The WFP was designed to consistently produce water which complies with the current Australian Drinking Water Guidelines. However, due to limitations with the plant design (in that not enough contact time can be provided), the existing potassium permanganate dosing plant cannot cope with the manganese problem associated with the feed water. Councils’ objective is to determine an alternative method of removing the manganese from the raw water.
In June 2011, Council requested NSW Public Works to undertake specific investigations on Council’s behalf into potential Manganese removal methods which had been successful in other areas where the feed water was similar to that in Bathurst. The result was that NSW Public Works prepared a proposal for Council which covered a three stage trial. Stage 1 of the trial has been completed.
Stage 1 of the pilot plant trial has involved the construction of a replica filter which functions in the same way as the 14 filters operational at the WFP. The replica filter is being used to dose chemicals to determine the most effective method of oxidising the manganese in the raw water.

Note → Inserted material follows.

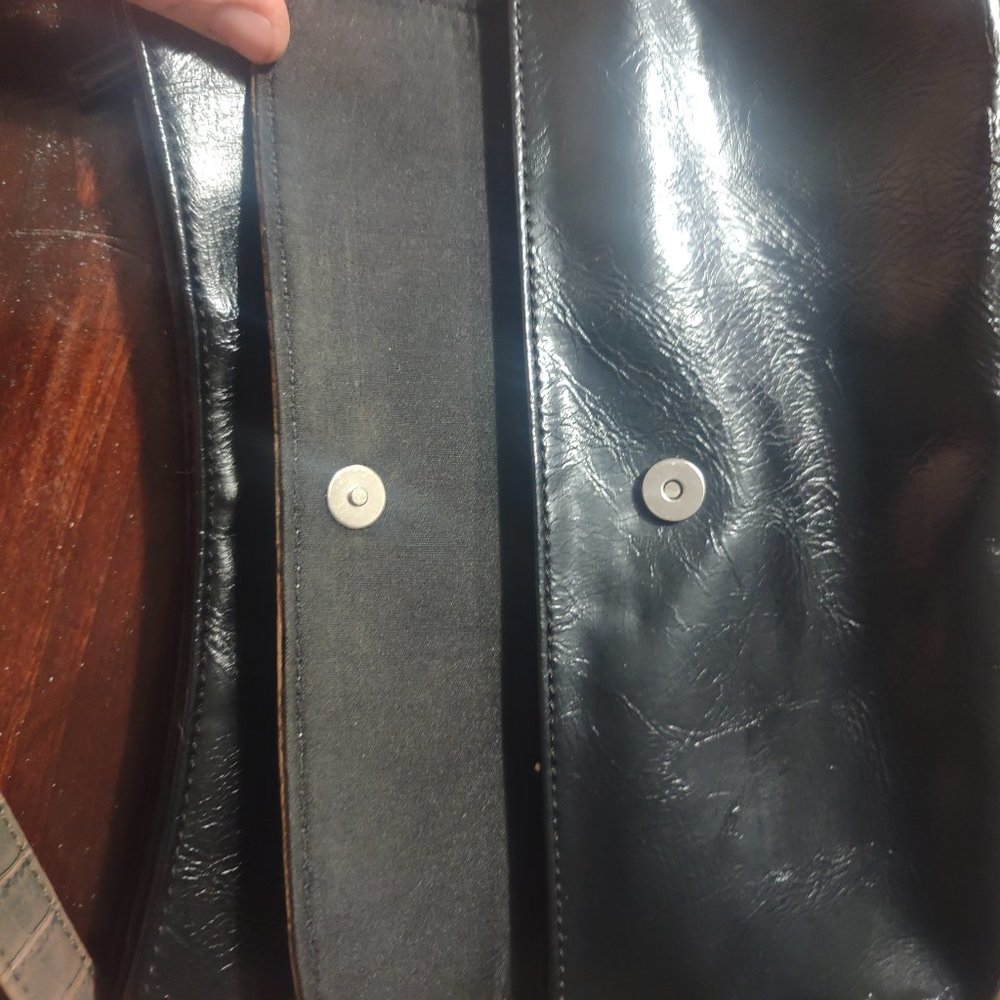 Jaclyn Smith Black Leather Purse - Picture 3 of 6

Different parameters such as water temperature, PH levels, turbidity and residual chlorine levels have been included to ensure that the test dosing takes into consideration the changing attributes of the feed or raw water.

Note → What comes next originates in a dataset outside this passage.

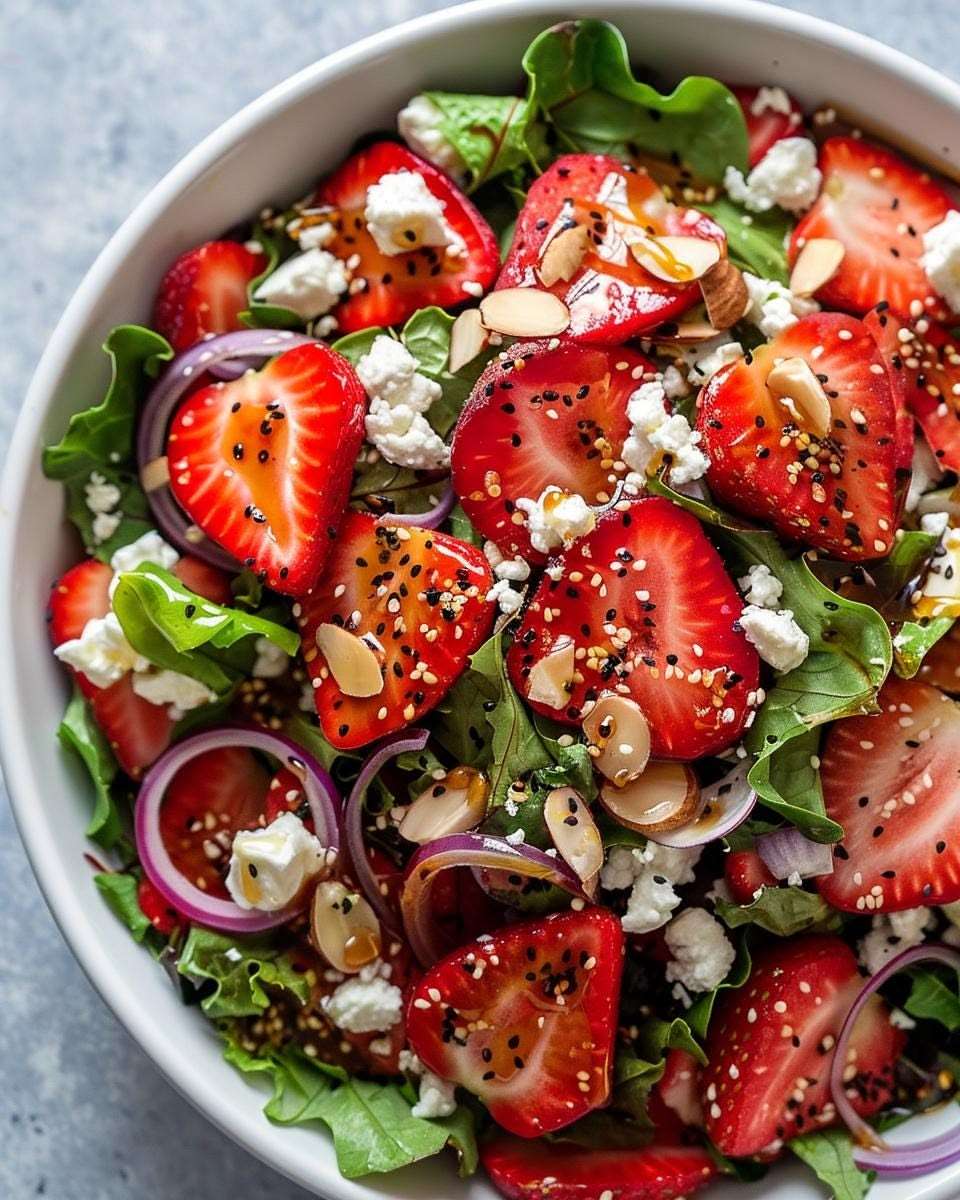 Strawberry feta salad with sliced fresh strawberries, arugula, crumbled feta, red onion, toasted almonds, sesame seeds, and balsamic dressing.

Early results have been very positive and indicate that a high level of manganese removal will be possible by dosing sodium hypochlorite to the settled water prior to filtration.
A stage 2 trial utilising one of the existing 14 sand filters at the Water Filtration Plant has been completed during 2012. This yielded positive results and confirmed the improvements identified in the Stage 1 trial.
What's happening next?
Based on the success of the Stage 1 and 2 trials Council has developed a concept design to roll out the chemical dosing methodology across the entire Water Filtration Plant.
Subsequently a detailed design has been prepared and completed. In addition this has been further advanced to enable the completion of tender documentation with tenders having being called in November 2013 and closing 17 December 2013.
It is anticipated that a report to Council recommending to accept a tender offer will be considered at the February 2014 Council Meeting.